• _Task objective_: Copy the listing below in full and skip every picture.

• _Exercise data_:
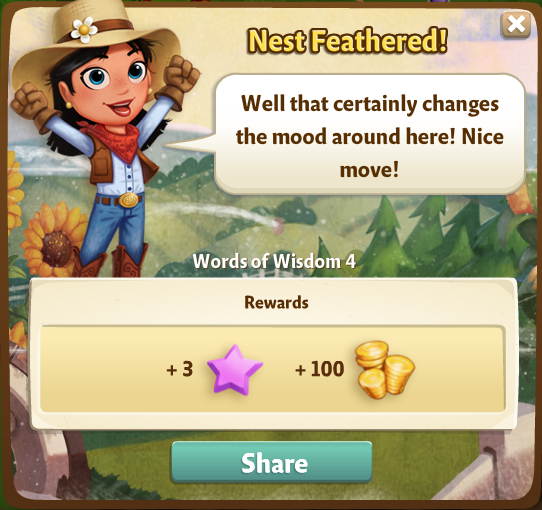 farmville 2 words of wisdom: feathering the nest rewards, bonus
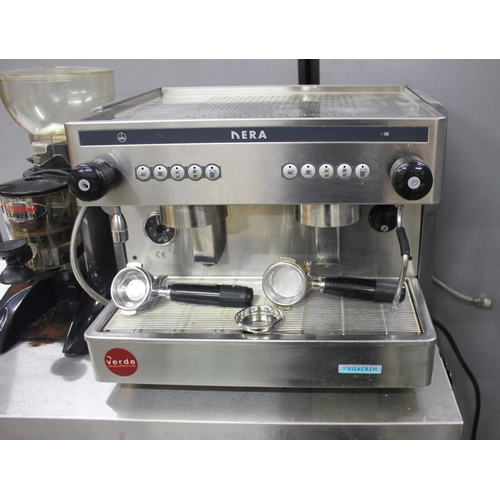 234 - VISACREM NERA 2 - GROUP ESPRESSO COFFEE MACHINE PLUS GRINDER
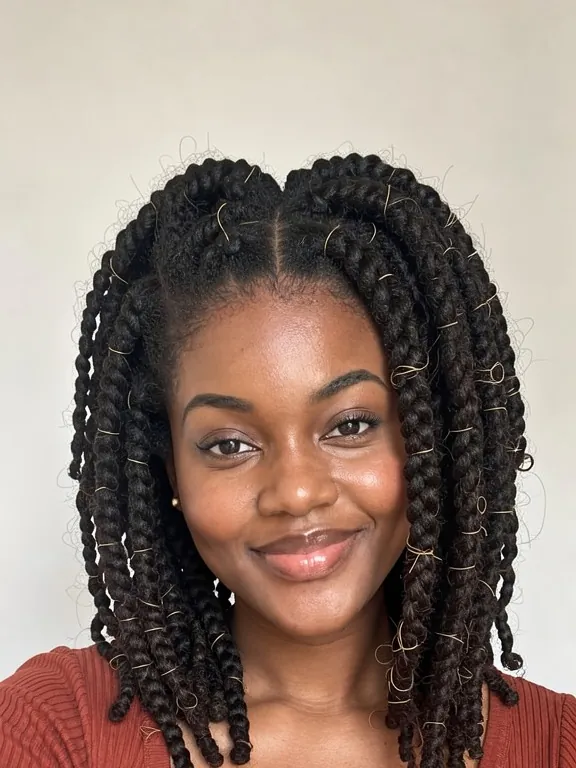 Woman with shoulder-length butterfly locs, textured faux locs with small loops (AI preview)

• _Completed task_:
 farmville 2 words of wisdom: feathering the nest rewards, bonus
 234 - VISACREM NERA 2 - GROUP ESPRESSO COFFEE MACHINE PLUS GRINDER
 Woman with shoulder-length butterfly locs, textured faux locs with small loops (AI preview)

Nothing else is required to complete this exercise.